Las palabras de Jesús en el evangelio de Juan que hoy leemos son claras como la luz. Es cuestión de amor. Sólo de amor. Amarle a él. Y quien le ama, guardará su palabra como pura consecuencia. No son primero los cumplimientos de lo mandado por la ley, por ninguna ley, pues todo comienza como una cuestión de amor. Amor a él. Y porque las cosas son de este modo, el Padre amará a quien ame a Jesús. Pero habrá más, vendremos, en plural, a él y haremos morada en él. El comienzo es cuestión de amor. El desarrollo es cuestión de amor. El final es resultado de amor. Quien no le ama a él, a Jesús, no guardará lo que él nos enseña; no guardará sus mandamientos. Porque el mandamiento es único: amarle a él. Ahí está el principio de toda nuestra acción. Cuestión de amor, no de cumplimiento.

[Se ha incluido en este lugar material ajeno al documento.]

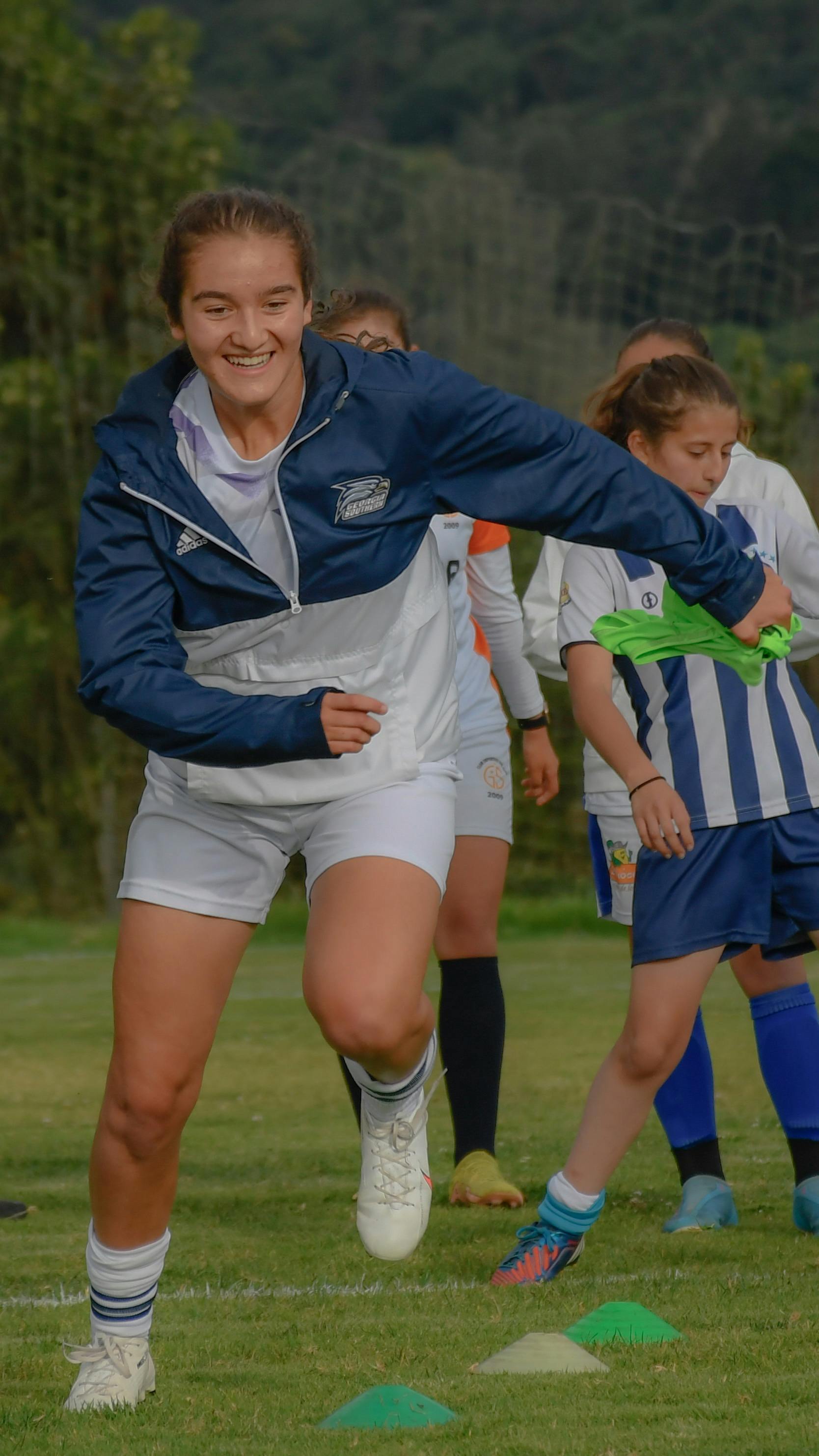 smiling woman in sports clothing running on grass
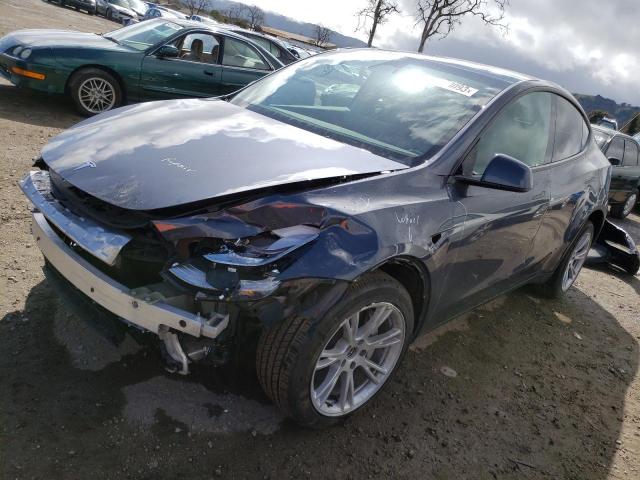TESLA MODEL Y 2023 with VIN 7SAYGDEE0PF599362 - Photo from auction
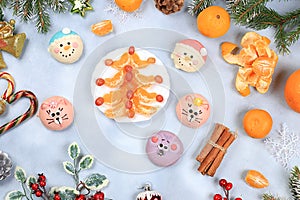 Christmas new year food, traditional festive tangerine and grape salad with sweets, fir branches and cones and decorations on a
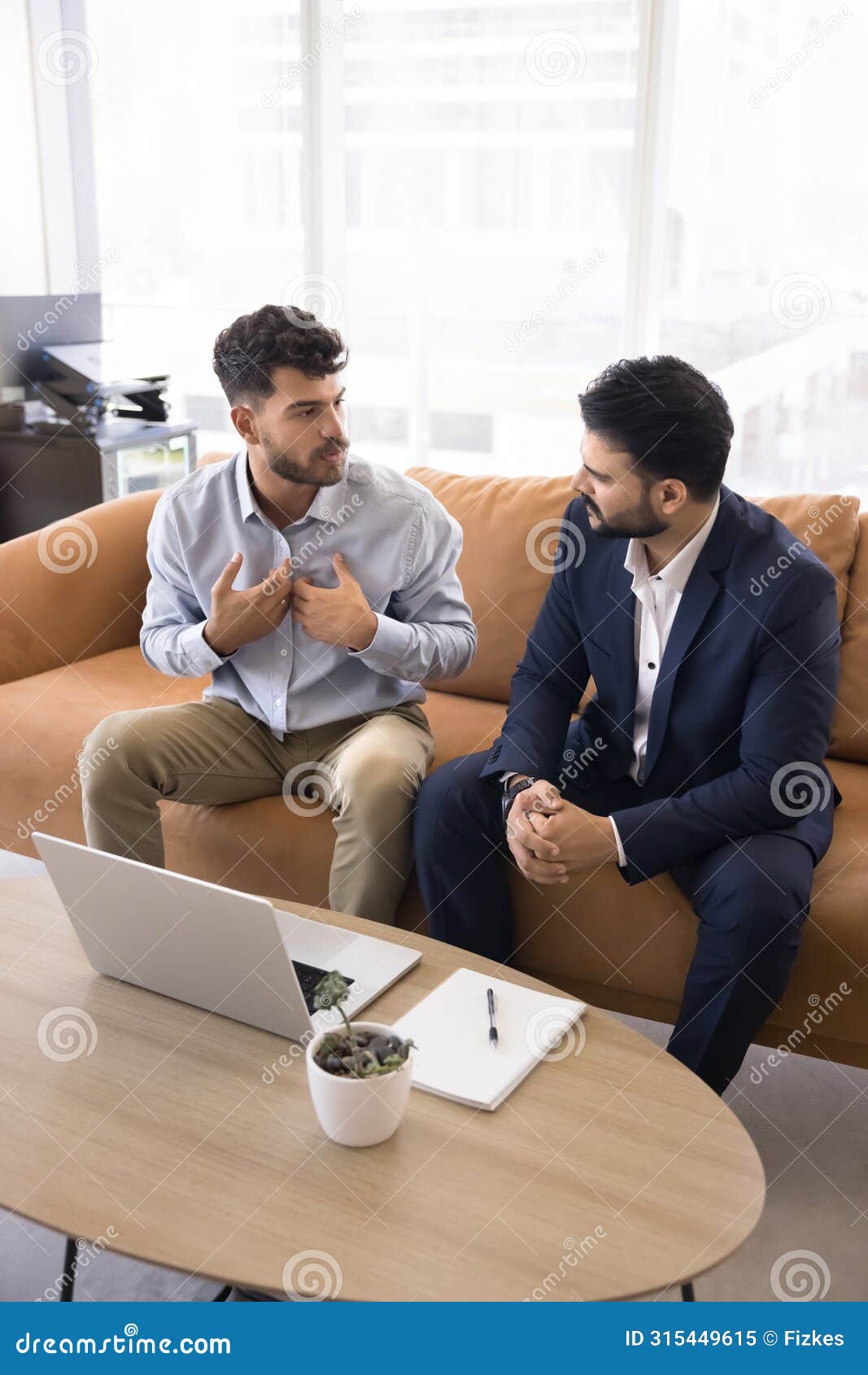 serious young arab employee man talking to indian colleague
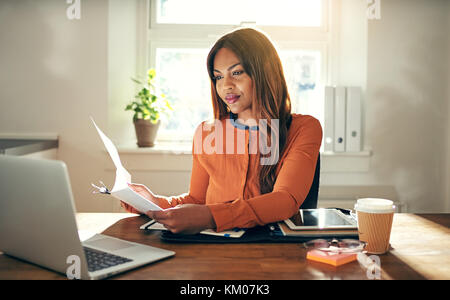 Souriante jeune femme entrepreneur africain assis à une table dans son bureau à domicile la lecture de documents et de travailler sur un ordinateur portable Banque D'Images
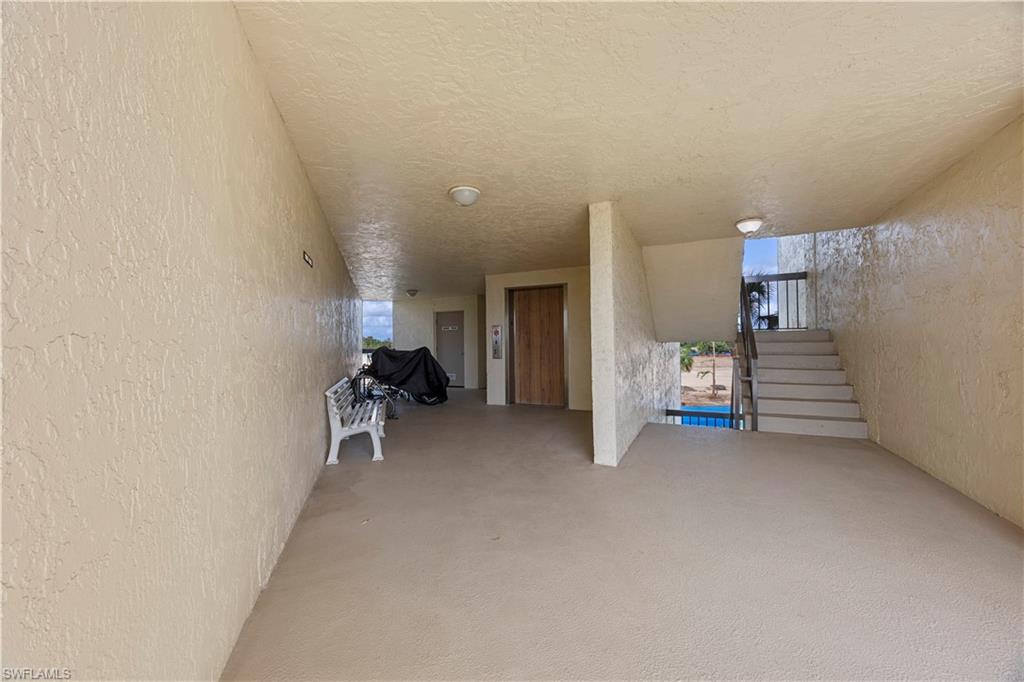 4372 27th Court Southwest, Unit 301 Naples, FL 34116 - Photo 28 of 37 a view of a livingroom with furniture and a rug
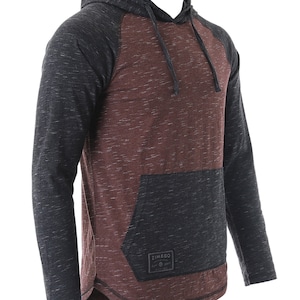 May include: A maroon and black long-sleeve hooded sweatshirt with a kangaroo pocket. The sweatshirt has a raglan sleeve design and a small logo patch on the pocket.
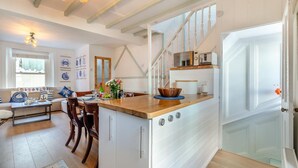 A kitchen with a wooden island, white cabinetry, and a dining area with a sofa and chairs. - 3 Bed in Brixham (oc-p30777) (Brixham)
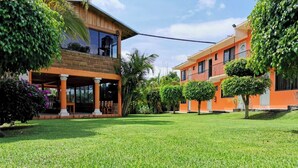 Un edificio de dos plantas con un patio cubierto, rodeado de césped cuidado y árboles pequeños.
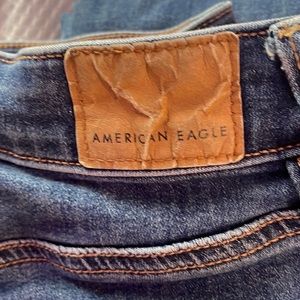 a pair of American Eagle ripped Jeans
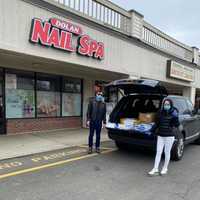 <p>Tiffany and Lucas from Dolan Nail Spa loading up the supplies to donate.</p>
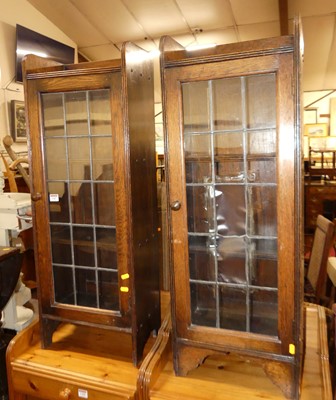 Lot 1387 - A pair of 1920s narrow oak single door lead...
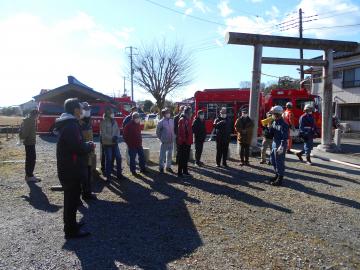 鳥居の前で訓練の参加者に向けて消防職員が拡声器を使い話をしている写真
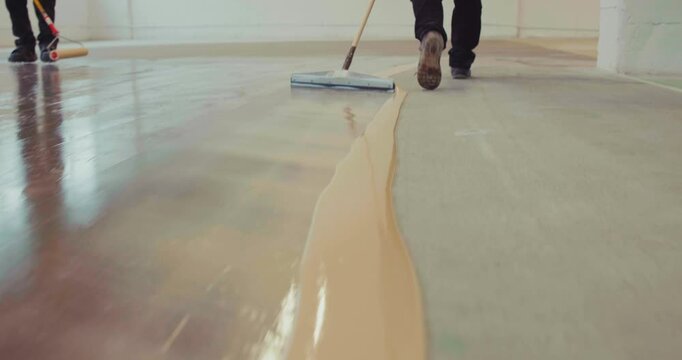 Workers applying a base coat of epoxy resin support using a floor squeegee on the existing concrete surface. Slow motion.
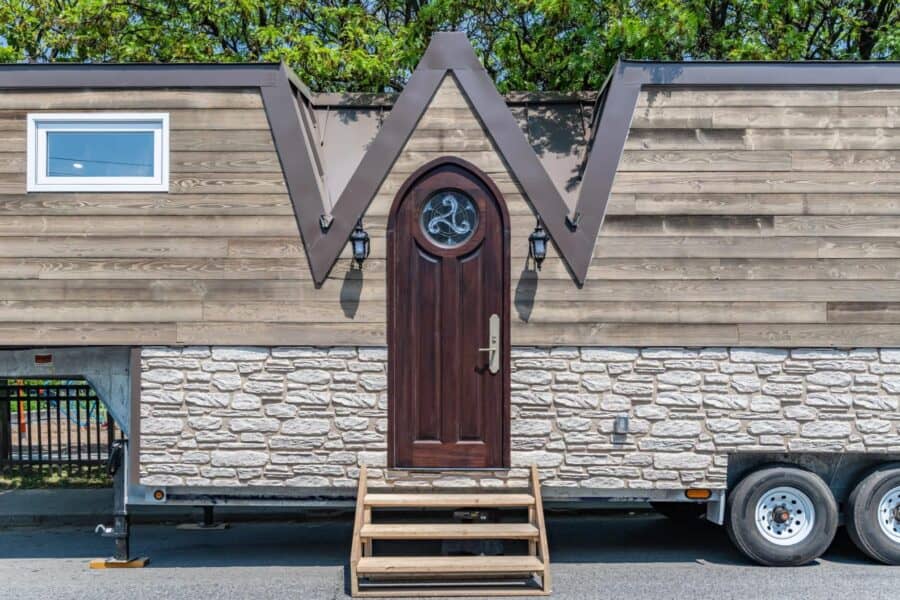 Small tiny house with W-shaped roof and wooden door, on a trailer.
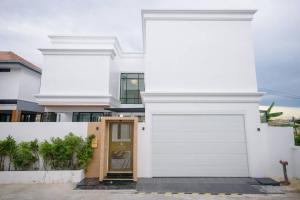 uma casa branca com uma porta de garagem branca em Pattaya Villa w/bathtub - Exquisite Pool Villa I em Nong Prue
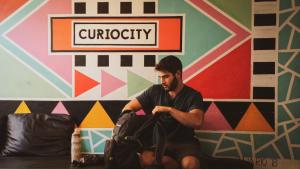 a man sitting on the floor with a bag at CURIOCITY Backpackers Johannesburg in Johannesburg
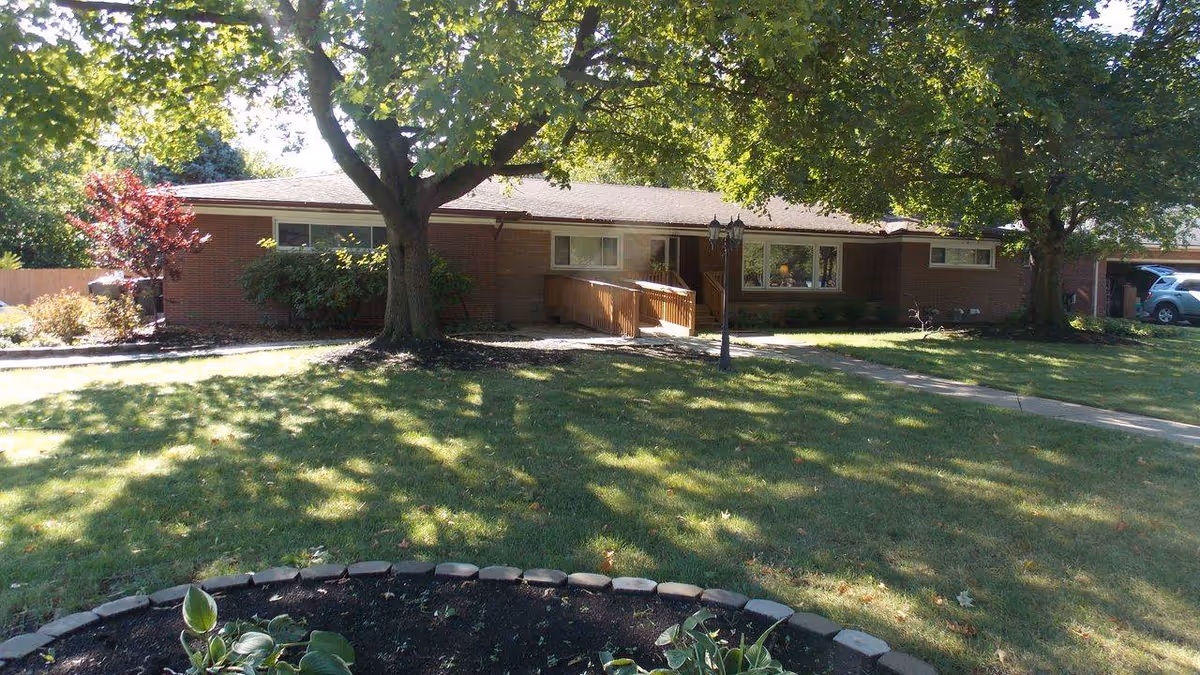 Single-story brick building with a sloped roof surrounded by green grass and large trees casting shadows. A paved walkway leads to a wooden ramp entrance. There is a lamp post near the walkway and a small garden bed with plants in the foreground.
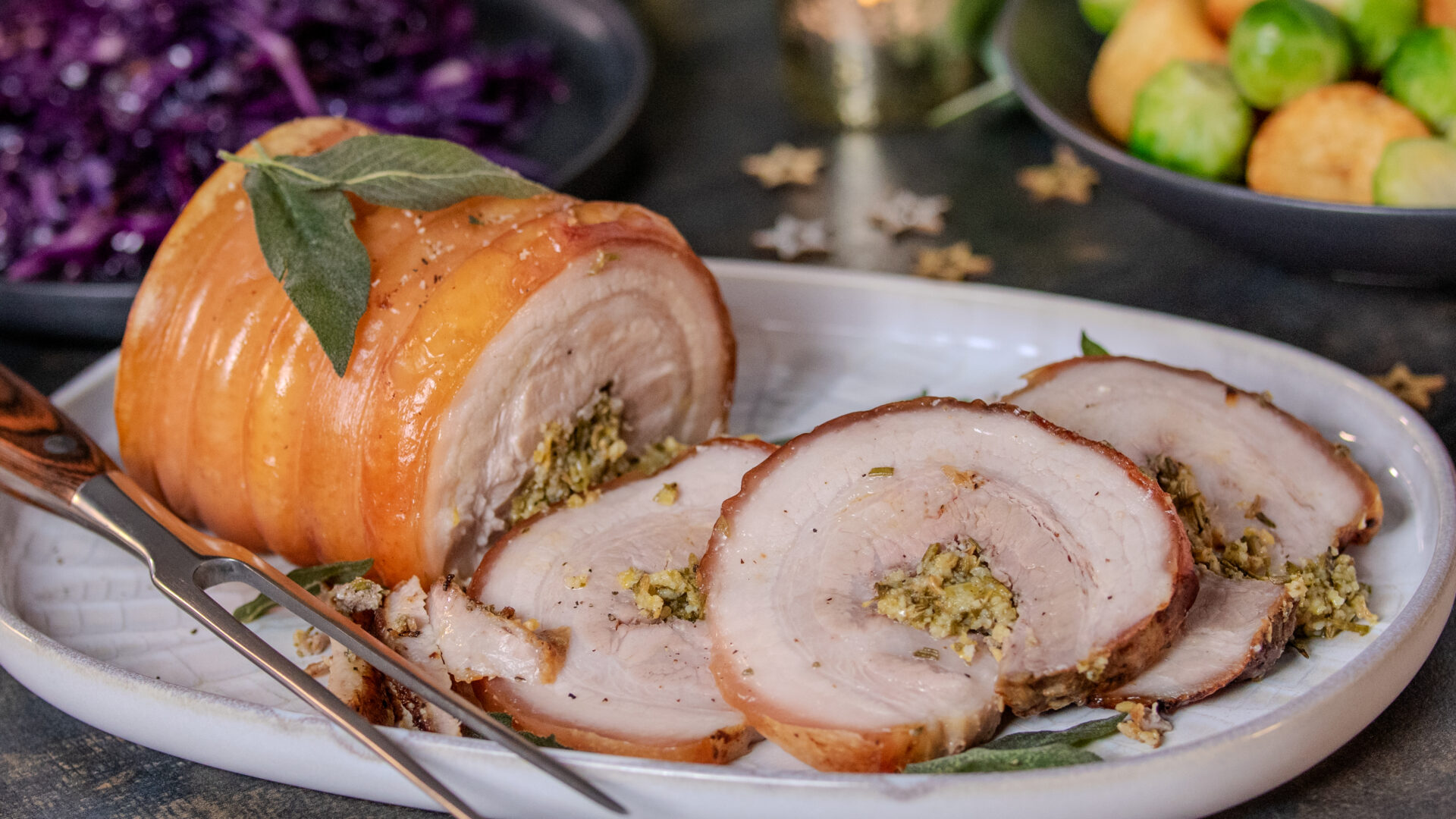 Some Pork Belly Porchetta on a white plate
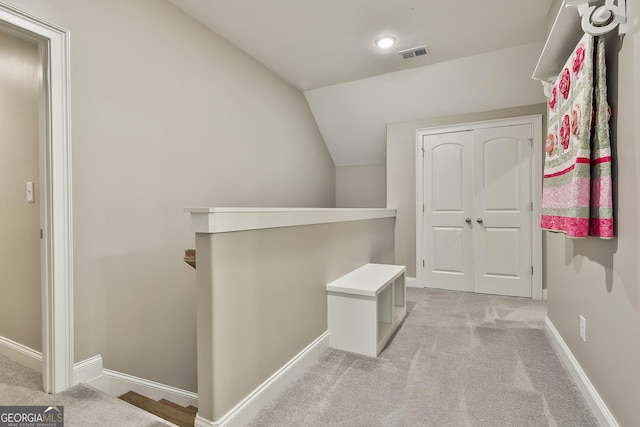 459 N Cove Dr, Newnan, GA 30263 - hall with an upstairs landing, light carpet, and vaulted ceiling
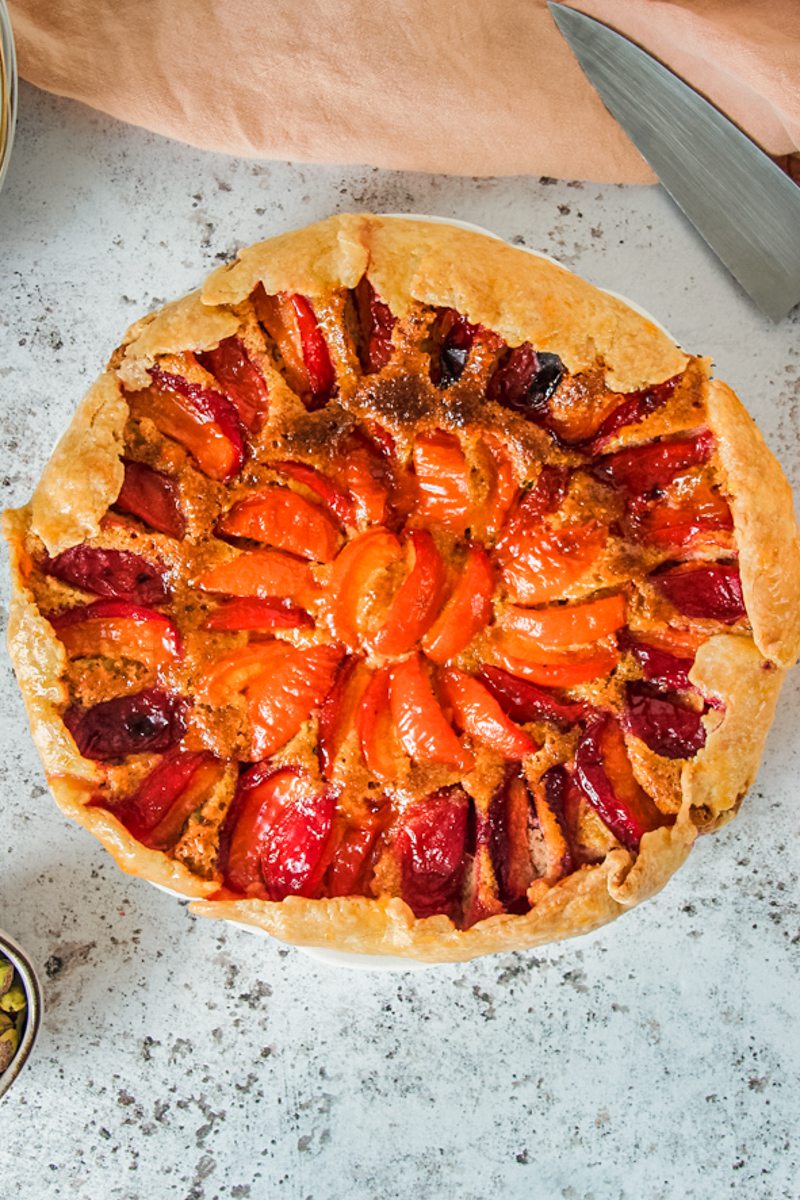 An apricot galette sits above a light gray surface.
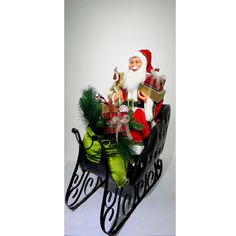 a santa clause sitting in a sleigh with presents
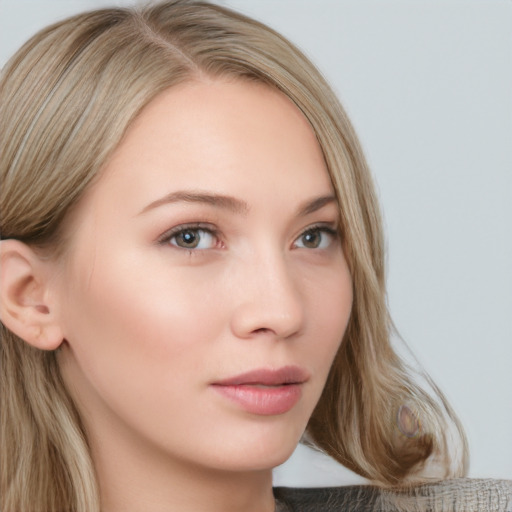 Neutral white young-adult female with medium  brown hair and grey eyes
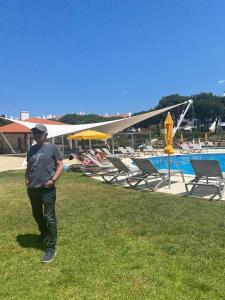 a man standing in the grass next to a swimming pool at House of Rising Sun in Quarteira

Mas, con Juan, daremos otro vuelo de águila, porque no nos quedamos en esa palabra que es suya, la que nosotros escuchamos envueltos en su amor. Sí, es suya, claro, pero es más, porque ella en definitiva no es suya, sino de su Padre que le ha enviado a nosotros y al mundo para que le prestemos nuestros oídos. ¡Escuchadle! Es él quien nos habla, pero su palabra no es sólo suya, es también palabra del Padre y del Espíritu Santo. Porque el Padre del mismo modo nos enviará su Espíritu en el nombre de Jesús, y este todo nos lo enseñará en el amor y del amor. Lo que circunvala, pues, al amor que tenemos por Jesús, no es la ley y su cumplimiento, ¡qué poco sería!, sino el Padre y el Espíritu. Una circunvalación de amor. Por eso nos da su paz, no la del mundo, tan precaria, demasiadas veces tan falsa, sino la paz de Dios. Que sean así las cosas nos hace ver la importancia decisiva de que Jesús, el Resucitado, suba al Padre. Por ello, aunque sea cosa difícil por demás, pues le querríamos acá para tocarle, para sentirnos tocados por él, ser de carne con ser de carne, ser de carne todavía deambulando por el mundo con ser de carne resucitada. Habitantes ya del cielo, en esperanza. Porque le amamos, aunque a regañadientes, entendemos que debe ir al Padre. De este modo estaremos circunvalados por su amor, viviendo en esperanza allá donde él está y allá donde nos prepara morada.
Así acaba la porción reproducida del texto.